ASX All Ordinaries packaging company Pact Group Holdings Ltd (ASX: PGH) is on a green streak today despite announcing a loss in FY23 and no final dividend for shareholders.
The Pact Group share price is currently 84 cents, up 10.5%.
In earlier trading, the ASX All Ordinaries share reached an intraday peak of 91 cents, up 19.7%.
The company reported a $7 million loss in FY23 compared to a profit of $12 million in FY22.
Sounds bad, so why is the Pact Group share price rising?
Let's investigate.
ASX All Ordinaries share shoots skyward on poor results
Pact Group is the largest rigid packaging plastics manufacturer in Australia and New Zealand.

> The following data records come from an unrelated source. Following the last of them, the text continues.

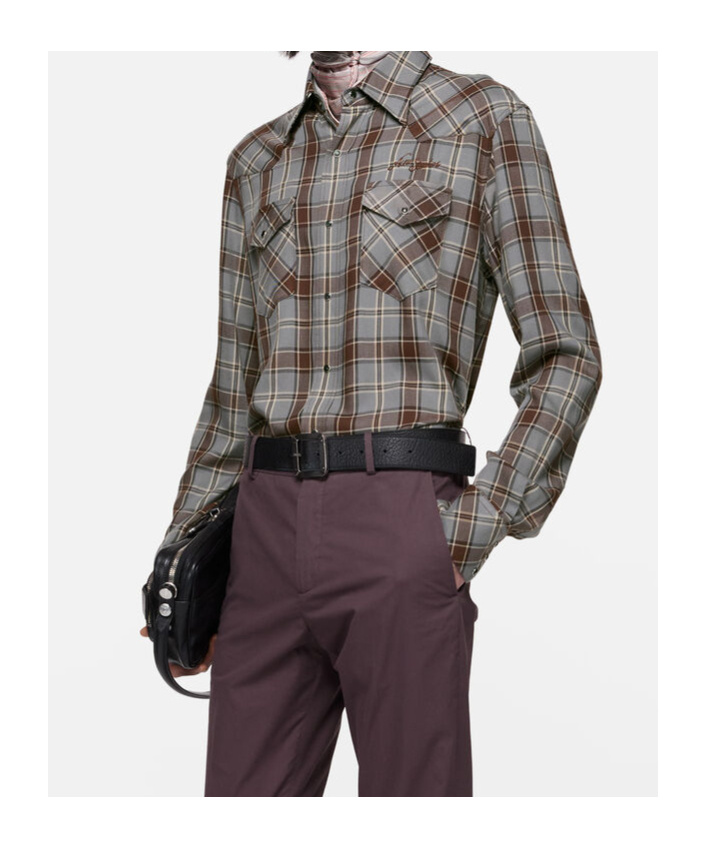 Acne Studios Checked Shirt Button Down Collar Pockets In Multi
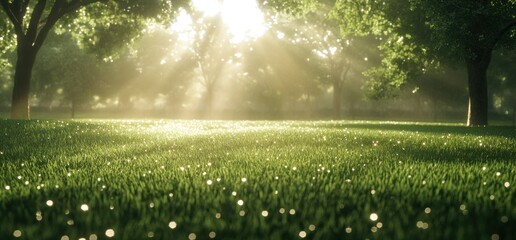 Sunlit Meadow Enchantment: A Serene Forest Dawn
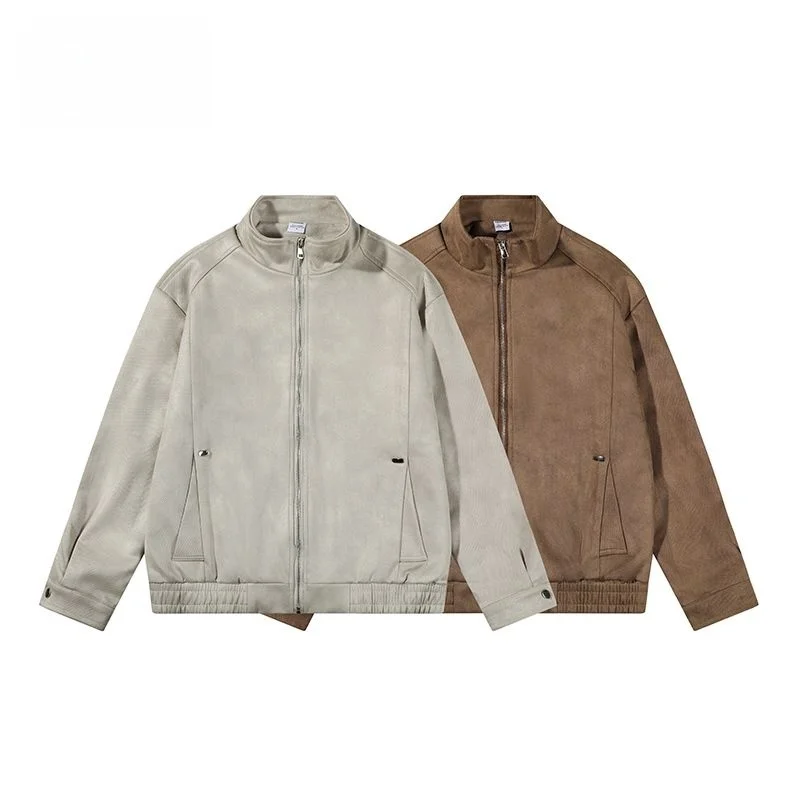 

Retro Sle Harington Series Men's Pure Color American Suede Loose Fit Jaet Autumn Winter Faionable Urban Windbreaker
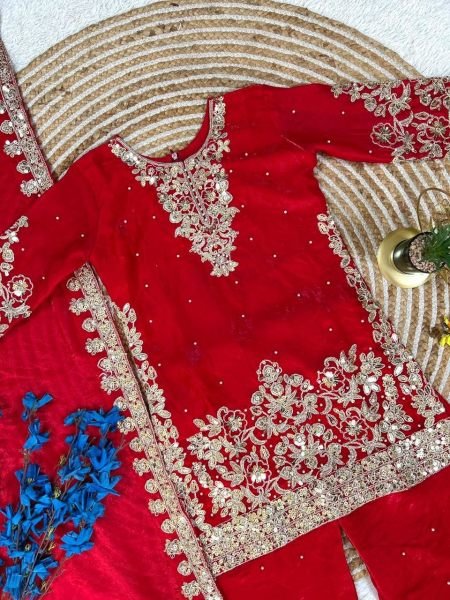 Vibrant Red Fendy Silk Top Salwar Dupatta Set with Embroidery Sequins Work at Wholesale Rate Girls Wear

The company released its full-year FY23 results this morning.
Here are the key numbers:
- Revenue of $1.949 billion, up 6% on the prior corresponding period (pcp)
- Underlying EBIT of $145 million, down 7% pcp
- Reported net profit after tax (NPAT) of a loss of $7 million vs. a $12 million profit pcp
- Net debt of $586 million, $25 million higher than pcp
- Operating cash flow of $291 million
- No final dividend compared to a 5 cents final dividend in FY22
What else happened in FY23?
The company said its FY23 loss was the result of a non-cash impairment of $37 million (after tax) for property, plant and equipment across multiple platforms that it intends to replace.
Pact Group CEO Sanjay Dayal said it was pleasing to report revenue growth despite tightening economic conditions, softer demand from Asia, and weather events.
The recovery of costs, increasing demand for sustainable packaging, and contract wins contributed to the revenue bump.
Underlying EBIT fell within the revised guidance range issued in May, brought about partly by increased labour and domestic supply chain costs.
Investors were upset by the revision, with the ASX All Ordinaries share falling 13.5% on the day.
Why is this ASX All Ordinaries share rising today?
So, the question remains, why is this ASX All Ordinaries share price rising today?
Well, a revenue boost is always good, and it was a non-cash impairment that took the bottom line into the red.
It also must be said that many companies are reporting adverse impacts due to the inflationary economy this earnings season.
Often, we see a share price surge when the results — while still poor in comparison to FY22 — are not as bad as expected. So that may be happening for this ASX All Ordinaries share today.
What did Pact Group management say?
Pact Managing Director and CEO Sanjay Dayal said:
The impact of increasing inflation is reflected in softening demand for consumer products which has impacted particularly on volumes in our Packaging & Sustainability segment where we produce high-quality packaging containing recycled content.
We have experienced a change in customer buying patterns with a move towards bulk and private label buying which has had a positive impact on our Contract Manufacturing segment.
Our operating cash flow of $291 million was a highlight and reflects our disciplined approach to
reducing working capital.
What's next for this ASX All Ordinaries share?
Pact Group says it has made progress in all four key areas of its strategy to 'Lead the Circular Economy'.
This included investing in upgrades to Pact's packaging platforms to allow the production of high-quality recycled packaging for key customers like Woolworths Group Ltd (ASX: WOW) and Aldi.
This is primarily why the company's gearing was 3 times in FY23.
Pact will provide an update on FY24 trading conditions at its annual general meeting.
Pact Group share price snapshot
This ASX All Ordinaries share has fallen 17.5% in the year to date.
In comparison, the S&P/ASX All Ordinaries Index (ASX: XAO) has risen 4.1%.